This episode explores historical and contemporary attitudes about the food industry and our food traditions. Our discussants share the major topics that affects the food industry today.
Tom Philpott is a Food and Agriculture Correspondent for Mother Jones. While studying food and cooking traditions around the world, Tom noticed that American food traditions were being lost to fast food and food processing companies. Tom questions how we can hold onto our food traditions when so much of our food industry is controlled by a small number of companies and their lobbyists that manipulate the federal government. Tom discusses the regulation systems in place that still allow for potentially harmful additives in our food.
Raj Patel is a research professor in the LBJ School of public affairs at UT-Austin, and the author of “Stuffed and Starved” and “The Value of Nothing”. Raj encourages the globalization of food traditions, emphasizing that many food traditions evolved out of the mixing of cultures. Raj also focuses on issues of food and national identity.
Marla Camp is the owner and editor of Edible Austin. She is motivated to bring awareness about food back into the community surrounding and connect them back to where their food comes from.
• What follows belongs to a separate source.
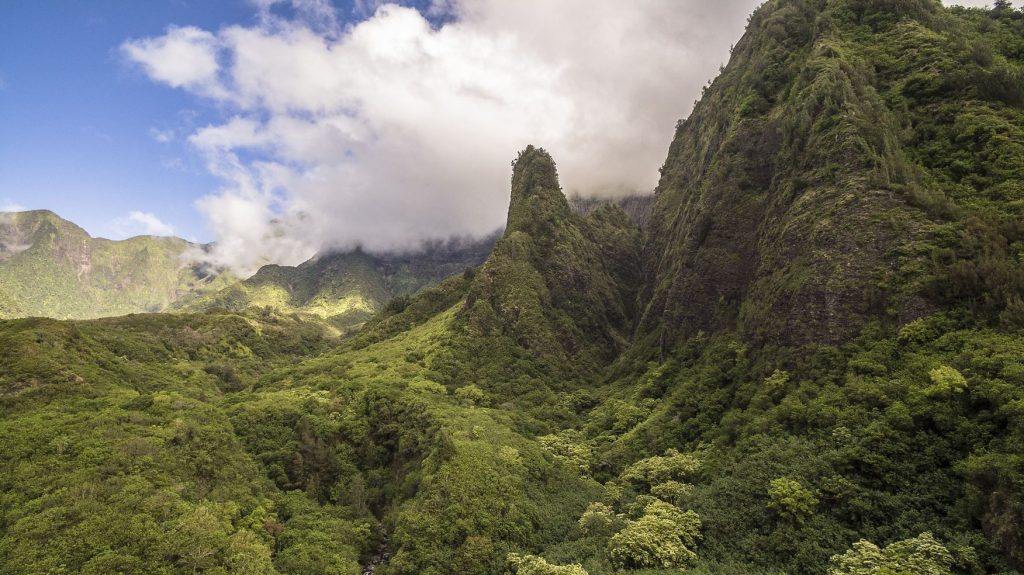 Aerial view of Iao Valley's iconic needle, a 1,200-foot-tall basalt pinnacle.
Marla emphasizes education as a way to strengthen people’s relationship to their food and to the understanding about the true value of food to our body.
What is your perspective?
Food traditions shift and change to adapt to the systems in place to get it to our dinner table. How will the food systems in place today affect our food traditions of tomorrow?
With all the information out there about what to eat and what not to eat, how do you approach the food that ends up on your dinner table?